Problem requirements
Your response to the data below should hold nothing except the lines from the one containing "A PAIR OF 9CT" down to the one containing "Crystal Flush Mount, 1", reproduced exactly and without pictures.

Provided data
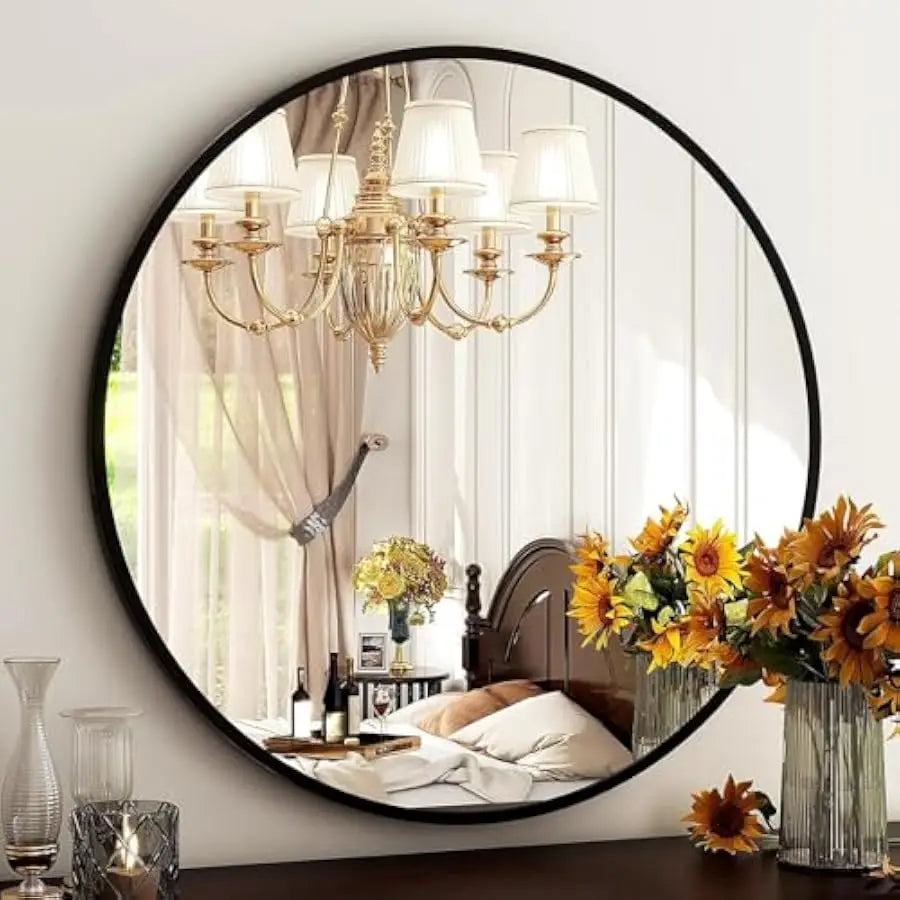 Modern Round Wall Mirror – Matte Black Aluminum Frame (30")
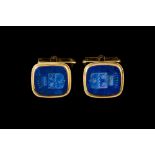 A PAIR OF 9CT GOLD LAPIS LAZULI CUFFLINKS,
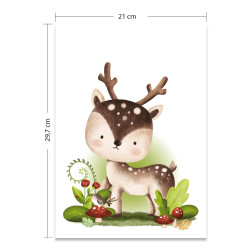 Poster A4 Cerf animaux de la forêt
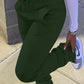 Pleated Pocket Solid Color Skinny Pants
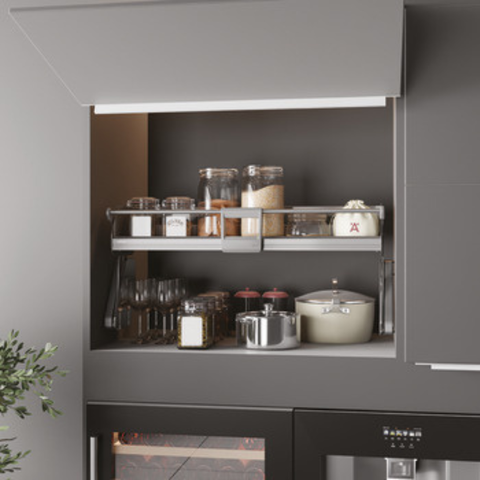 Häfele Utensio overhead drop-down unit in anthracite
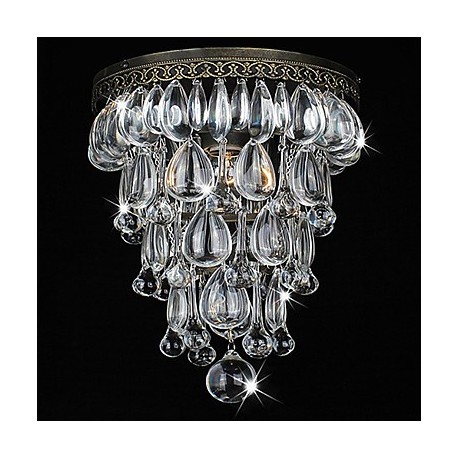 Crystal Flush Mount, 1 Light, Vintage Iron Electroplating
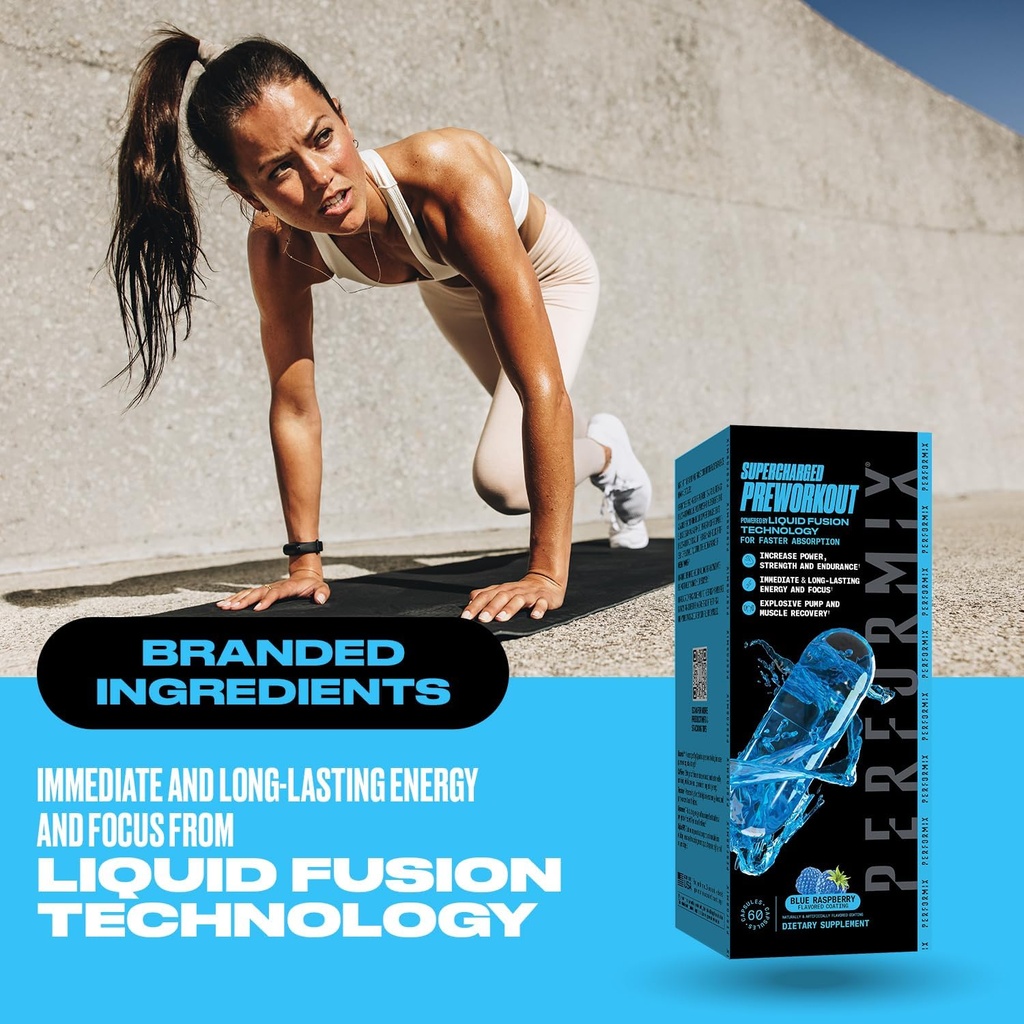 PERFORMIX Supercharged Preworkout - Sustained Energy, Endurance, and Focus - Premium Muscle Supporting Oceanix and Alpha GPC for Hardcore Training & Body Building (60 Capsules) 5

Written solution
 A PAIR OF 9CT GOLD LAPIS LAZULI CUFFLINKS,
 Poster A4 Cerf animaux de la forêt
 Pleated Pocket Solid Color Skinny Pants
 Häfele Utensio overhead drop-down unit in anthracite
 Crystal Flush Mount, 1 Light, Vintage Iron Electroplating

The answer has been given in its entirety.